Video footage circulating online showed dozens of protesters forcing two SUVs vehicles with official plates to turn back as they were approaching the building. Repeated gunfire was heard as the convoys moved away.

The session was postponed and the parliament invoked a lack of quorum.

“This is a new victory for the revolution and we are continuing until we achieve our goals,” said protester Abdelrazek Hamoud.

Hundreds of protesters danced, sang, waved flags and beat pots as fireworks were lit off in Beirut’s Nejmeh Square to celebrate the postponement. 

The session’s program had included the reelection of members of parliamentary committees and the discussion of an amnesty law that would lead to the release of hundreds of detainees. But protesters are resisting any attempt to MPs’ meeting up, until their demands including the recovery of stolen funds and holding the corrupt accountable, as well as fair tax and financial procedures, are met.

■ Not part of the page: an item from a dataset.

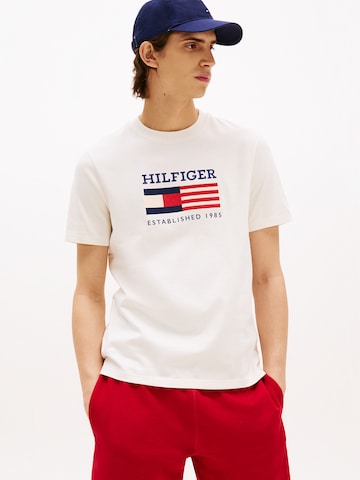TOMMY HILFIGER Μπλουζάκι 'AMERICANA' σε κίτρινο: μπροστά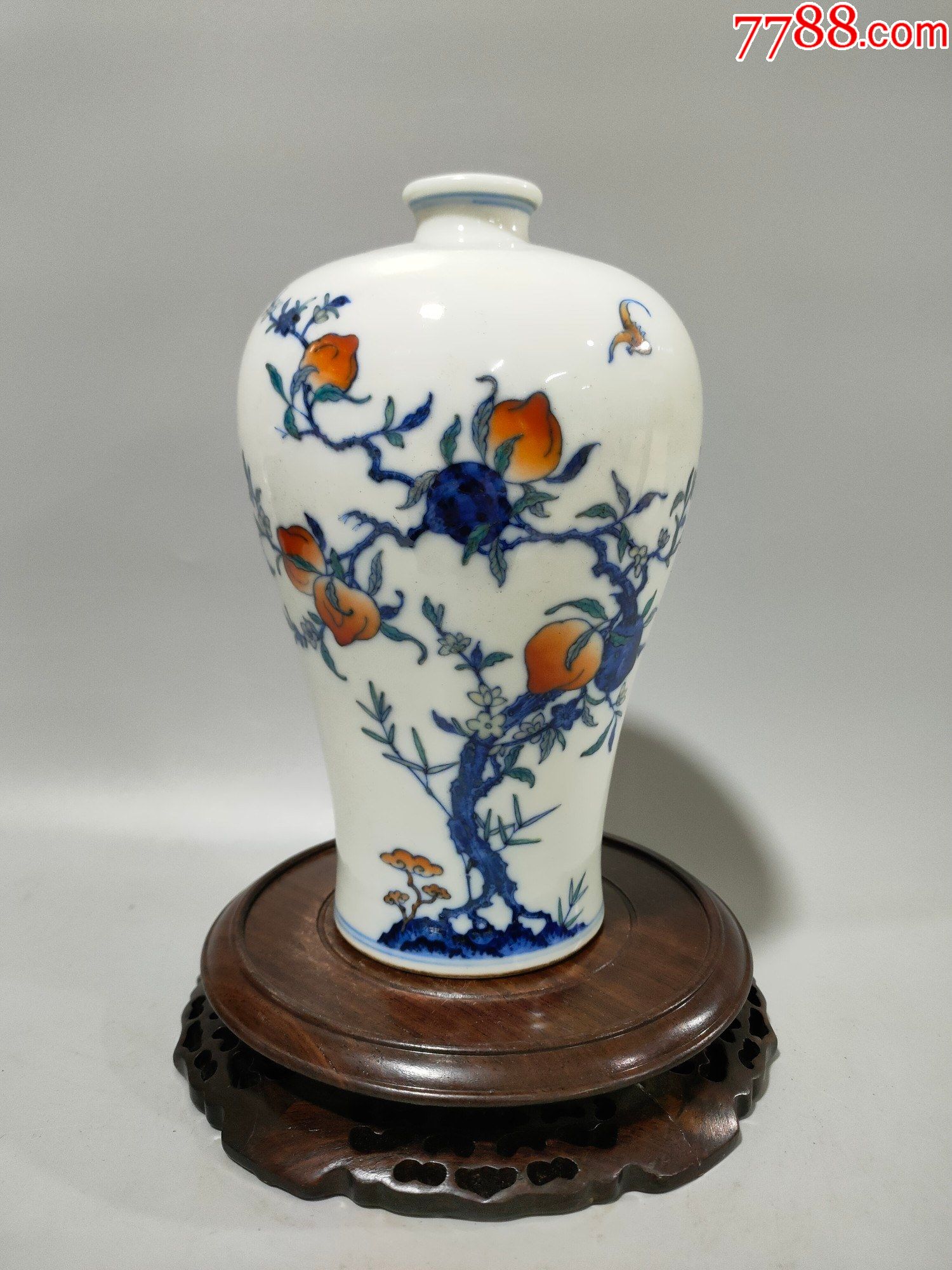 清乾隆斗彩九桃纹梅瓶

The protests erupted on Oct. 17 when a series of proposed tax hikes led hundreds of thousands of Lebanese to take the streets. People have since been denouncing rampant corruption among the elite and political class who ruled the country for decades, urging all the current politicians to leave power and be replaced by technocrats.

Prime Minister Saad al-Hariri, who is aligned with Western and Gulf Arab states, quit on Oct. 29, however, politicians have proved unable to form a new national government, while the country’s economic troubles increased to the worst crisis since the 1975-90 civil war.

Grounded in years of waste and corruption by the successive governments, the economic crisis has now filtered into the financial system which faces dollar shortages and a weakening of the pegged pound. Banks had mostly been closed since the protests started.

Caretaker finance minister Ali Hassan Khalil said Lebanon was in “a critical condition” requiring a new government. But in the last few days, he said there had been “no real new effort” towards forming one.